(Beginning of Exercise data)

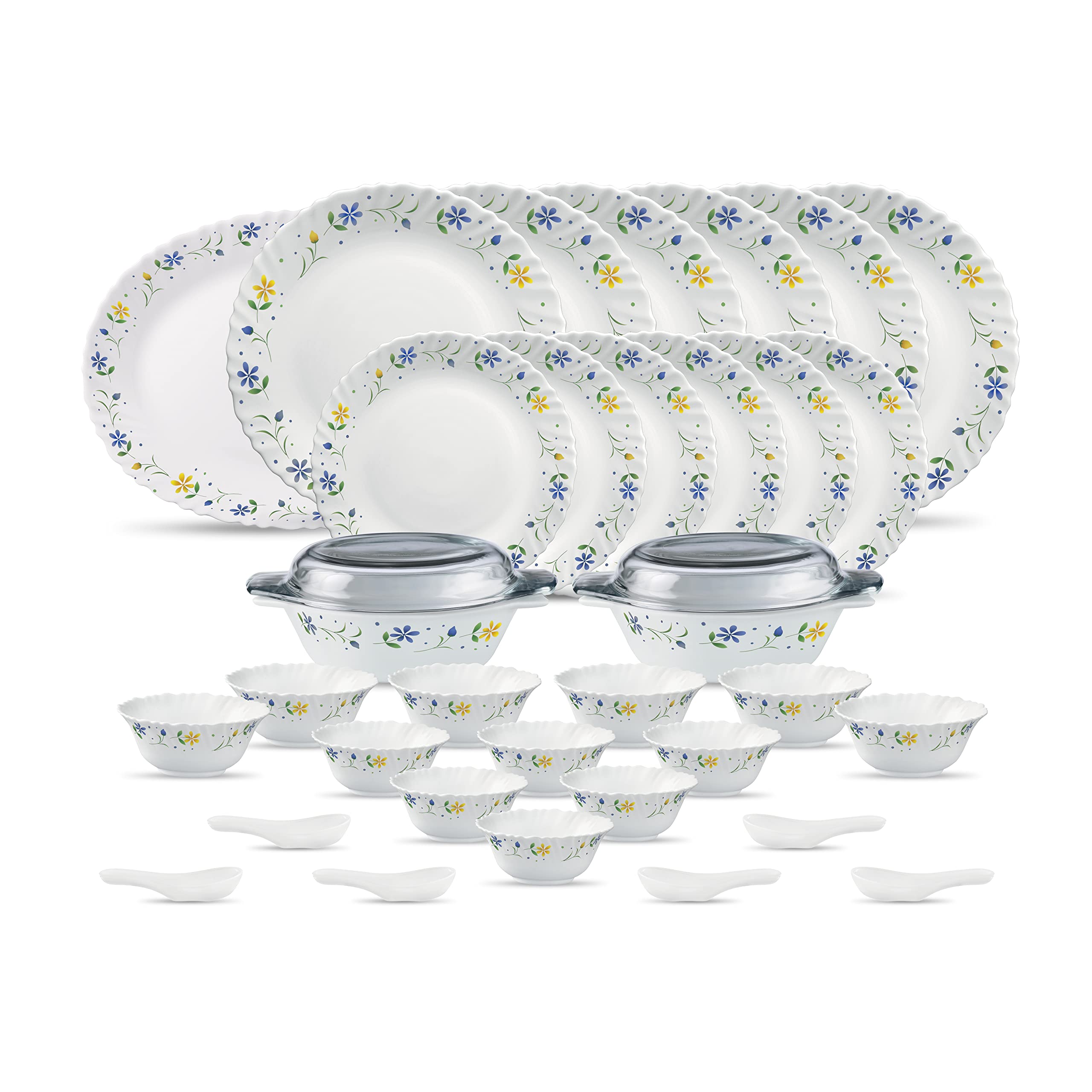 La Opala Diva Classique Collection Opal Glass Crockery | For Family Of 6 | Dinner Set 35 Pcs Twilight Bouquet | Plates & Bowls F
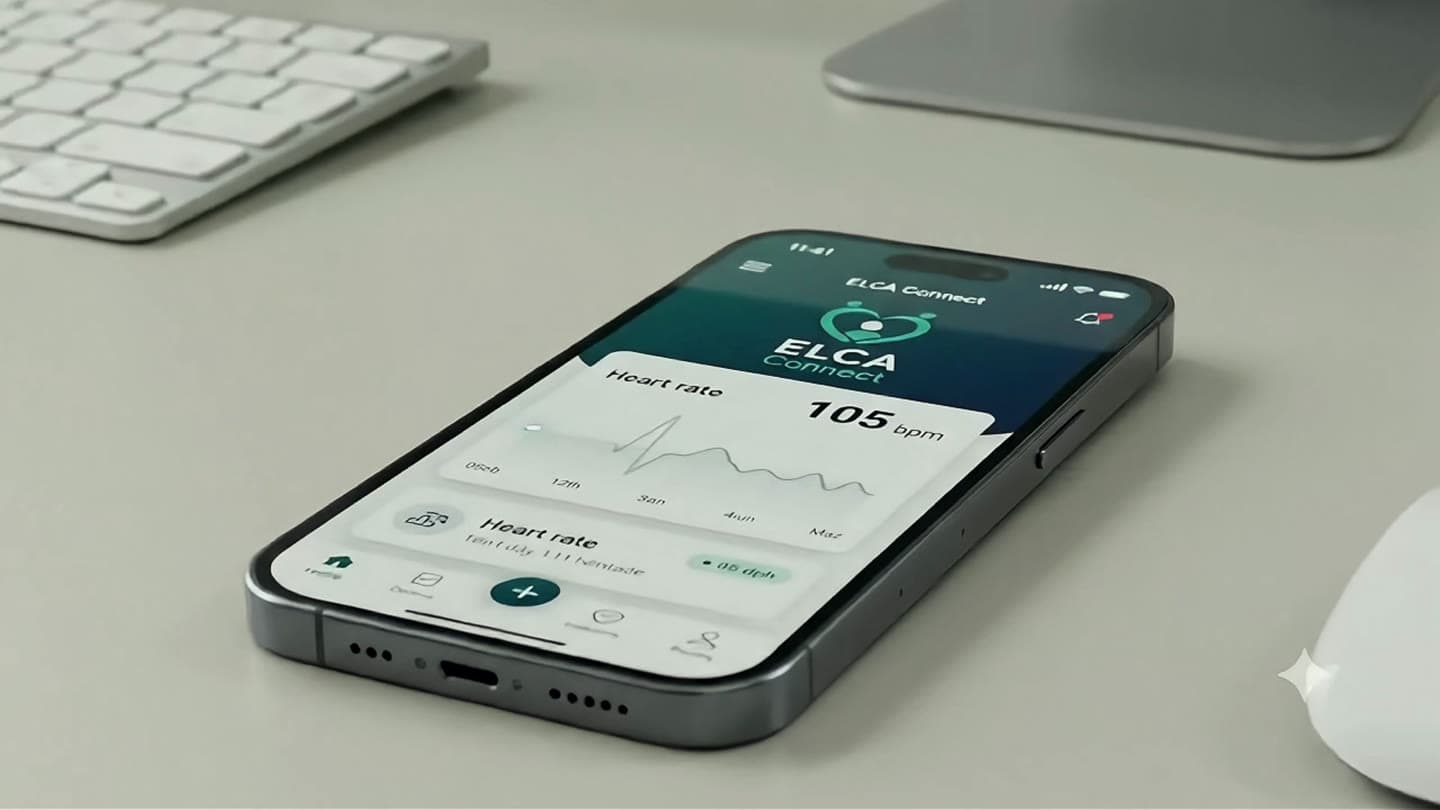 Ứng dụng ELCA Connect hiển thị nhịp tim trên bàn làm việc
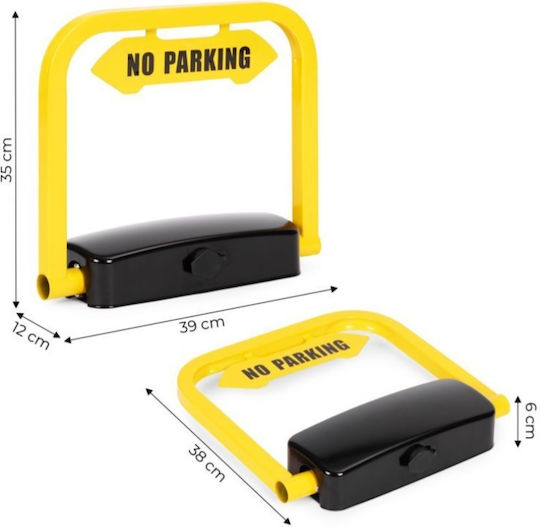 Folding Parking Lock Remote Control Anti-theft System Ground Mount Automatic Retraction Integrated Alarm Remote Control Up To 20 M Water Weather Resistant Includes Fixing Elements Dimensions 39 X 12 X 35 Cm Yellow Black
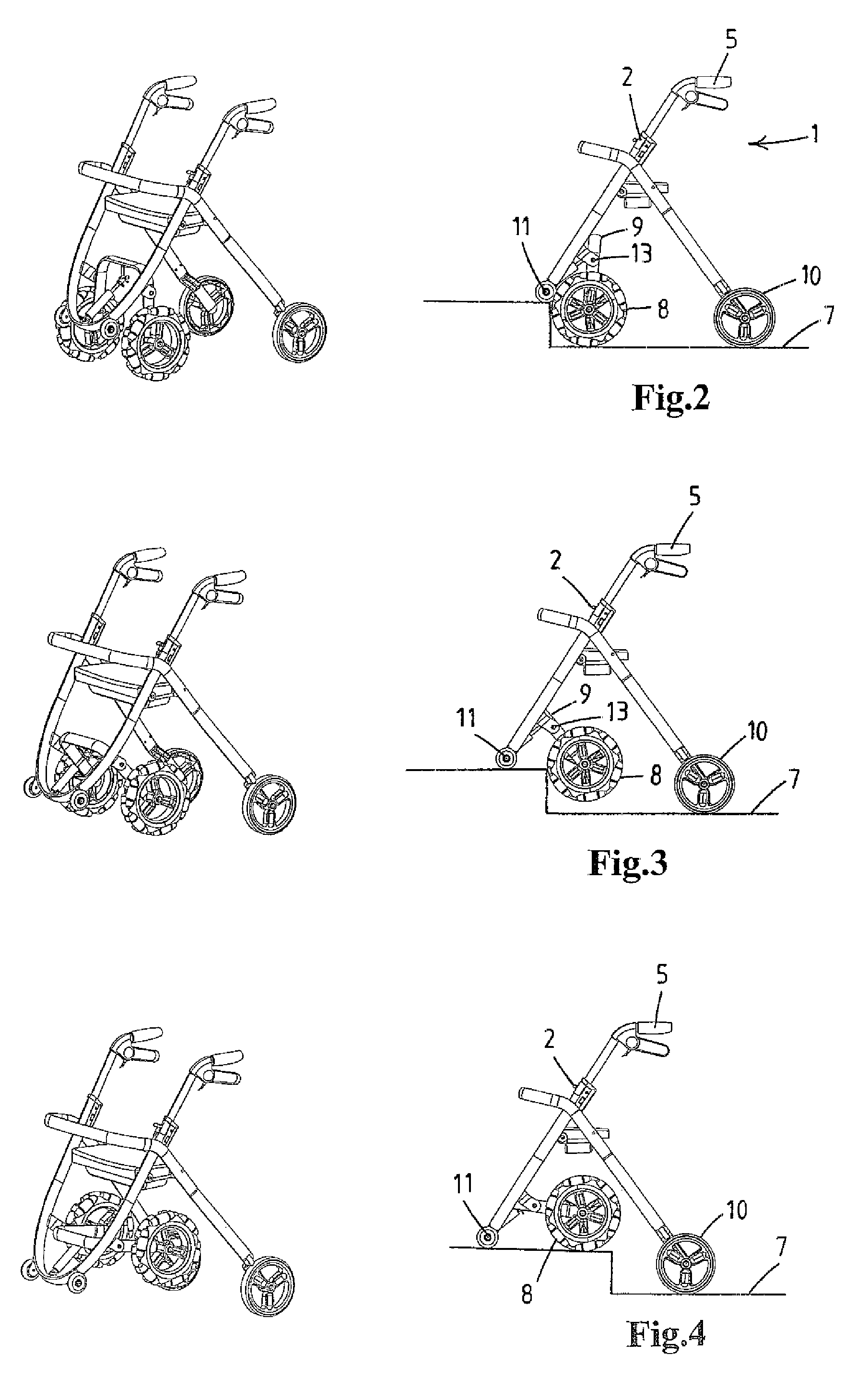 Walking Aid Adapted For Mounting A Height Obstacle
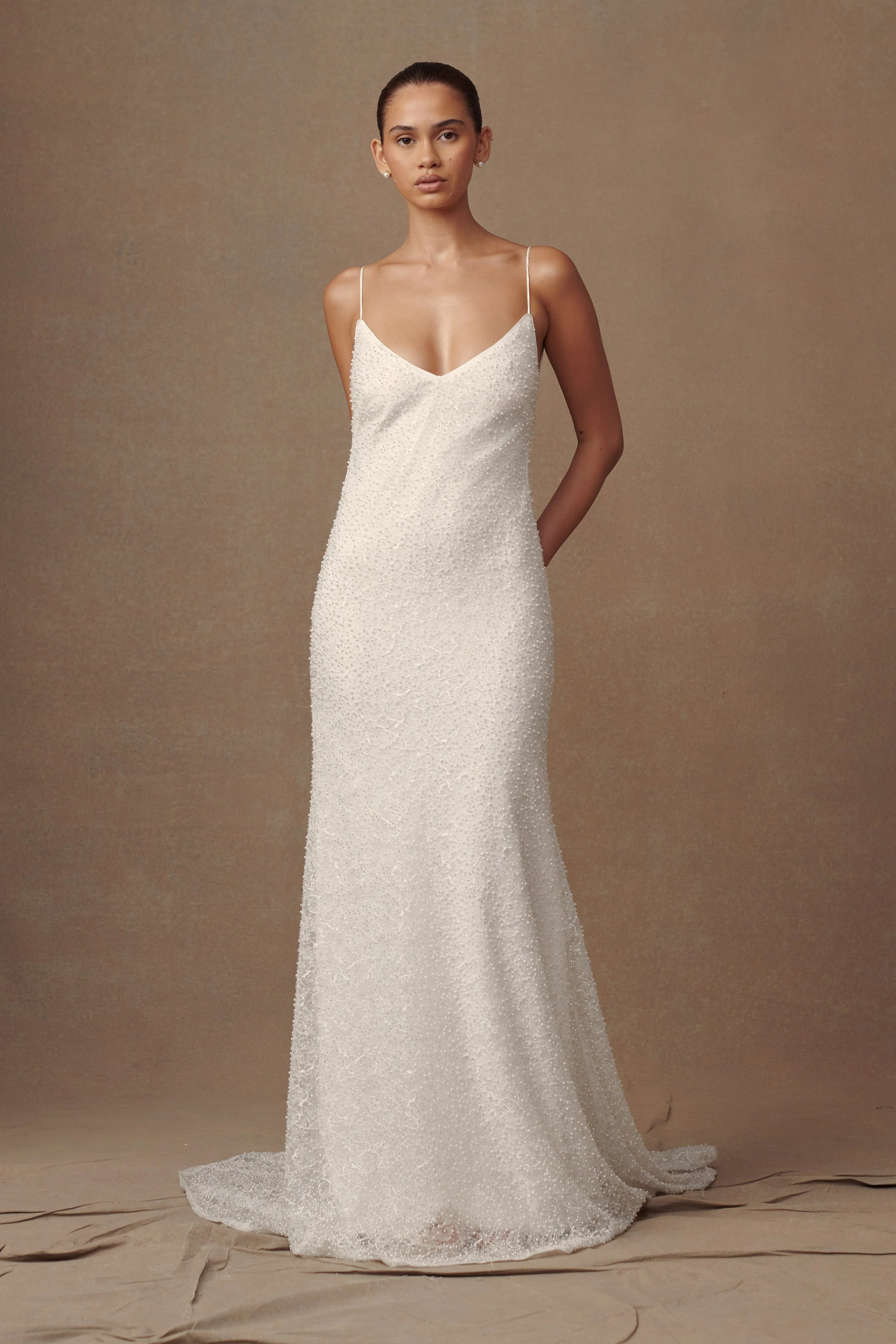 Catalina Pearl Beaded Wedding Gown - White | MESHKI US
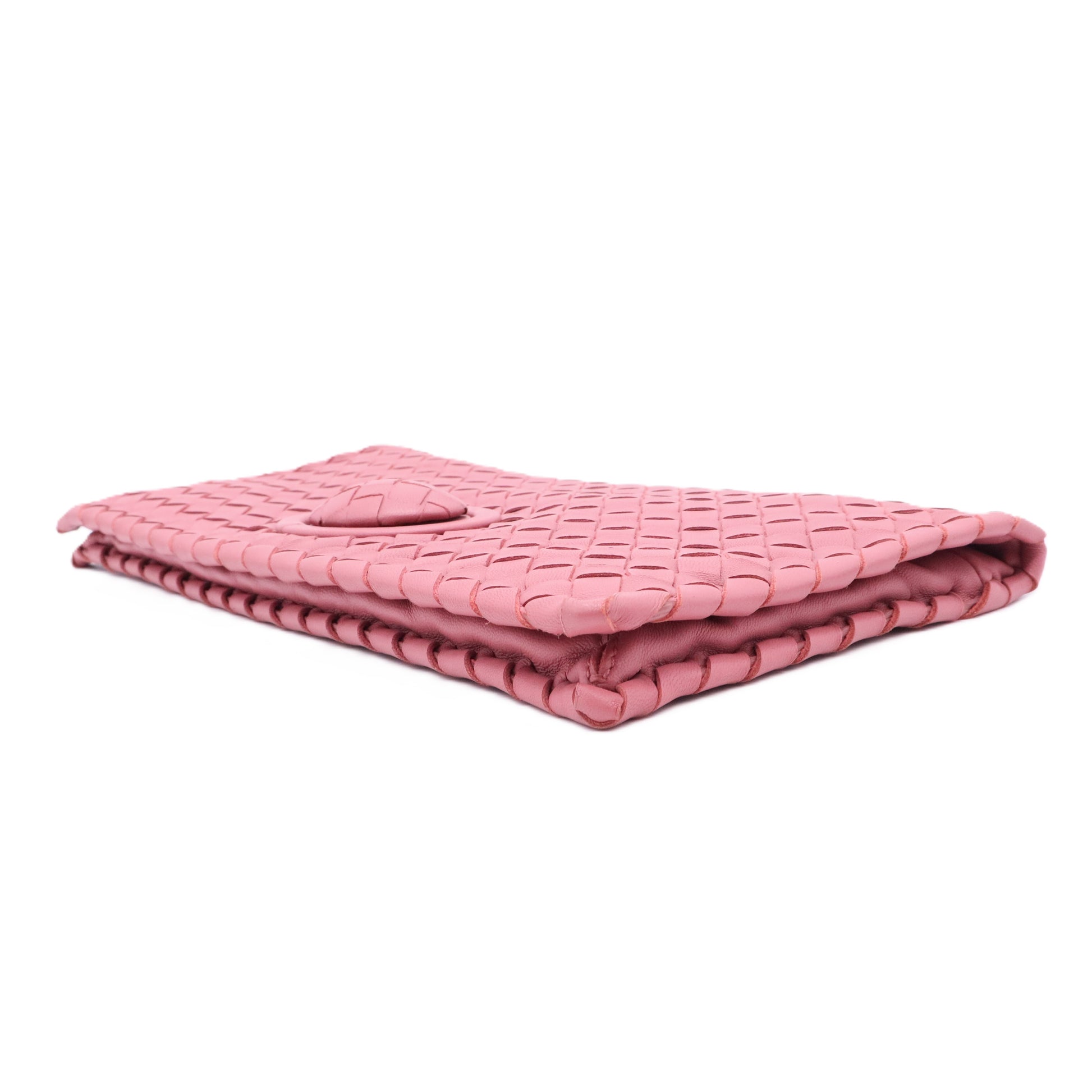 Nappa Intrecciato Turnlock Clutch Flamingo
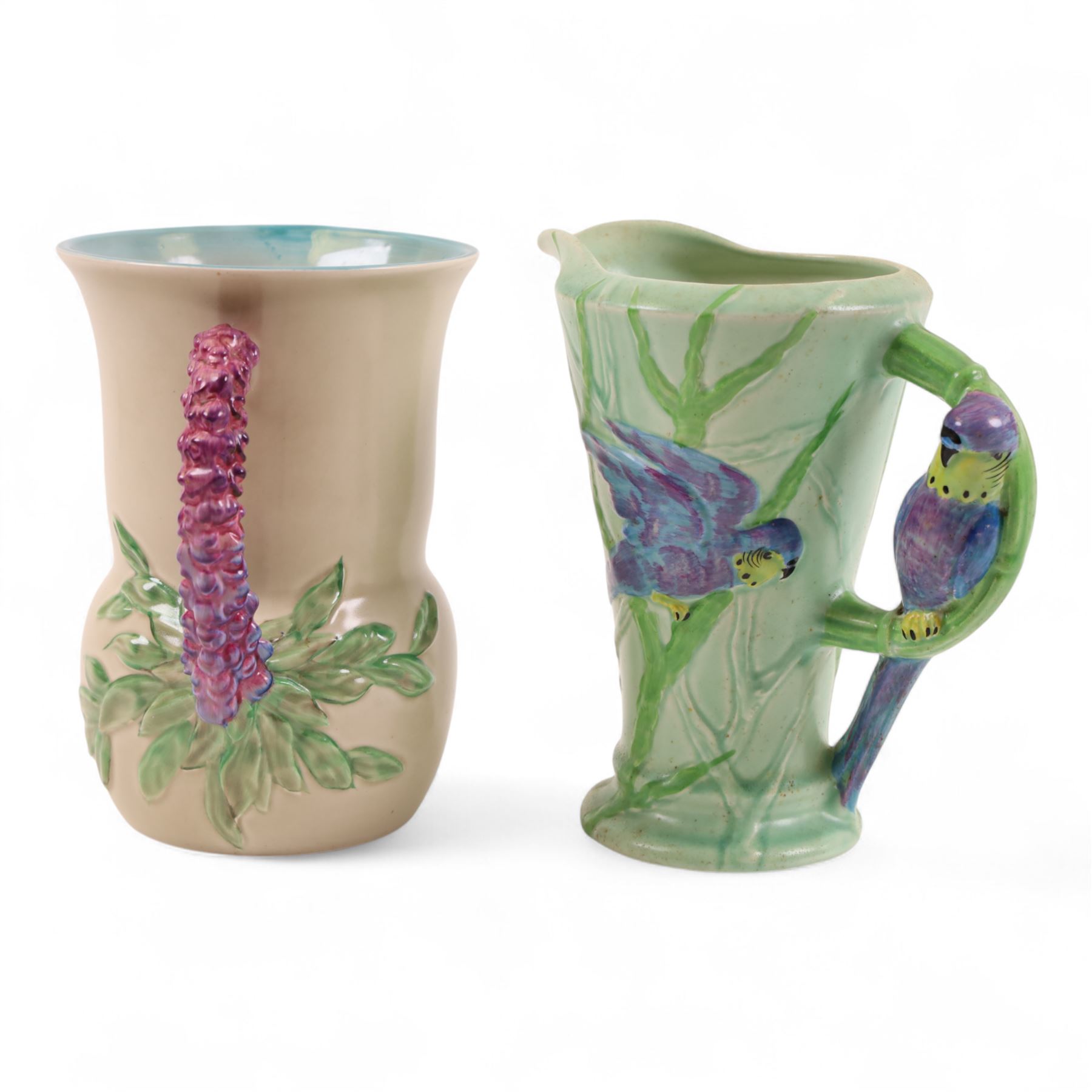 Clarice Cliff My Garden pattern jug, Burleigh Ware budgie jug and a pair of Baron of Barnstaple vases, tallest H19cm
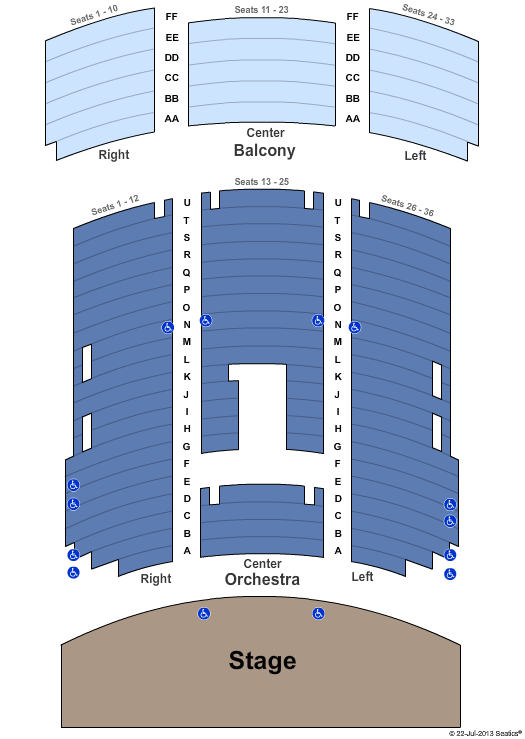 Hough Hall At Palladium Theater - FL End Stage Seating Chart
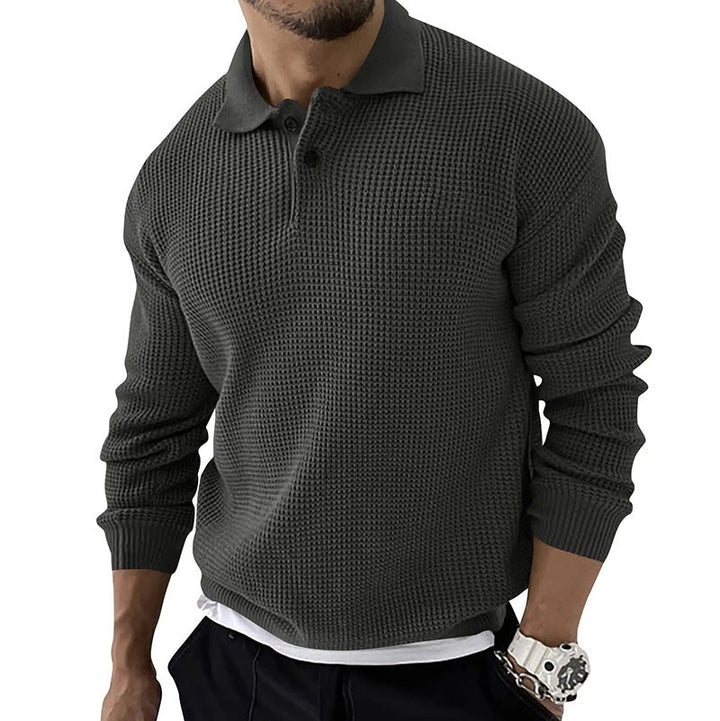Men's Relaxed Fit Waffle Knit Polo Sweater - Ethan 0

(End of Exercise data)

■ Task to carry out ■
Retype all the data exactly; skip the pictures.

■ Answer section ■
 La Opala Diva Classique Collection Opal Glass Crockery | For Family Of 6 | Dinner Set 35 Pcs Twilight Bouquet | Plates & Bowls F
 Ứng dụng ELCA Connect hiển thị nhịp tim trên bàn làm việc
 Folding Parking Lock Remote Control Anti-theft System Ground Mount Automatic Retraction Integrated Alarm Remote Control Up To 20 M Water Weather Resistant Includes Fixing Elements Dimensions 39 X 12 X 35 Cm Yellow Black
 Walking Aid Adapted For Mounting A Height Obstacle
 Catalina Pearl Beaded Wedding Gown - White | MESHKI US
 Nappa Intrecciato Turnlock Clutch Flamingo
 Clarice Cliff My Garden pattern jug, Burleigh Ware budgie jug and a pair of Baron of Barnstaple vases, tallest H19cm
 Hough Hall At Palladium Theater - FL End Stage Seating Chart
Men's Relaxed Fit Waffle Knit Polo Sweater - Ethan 0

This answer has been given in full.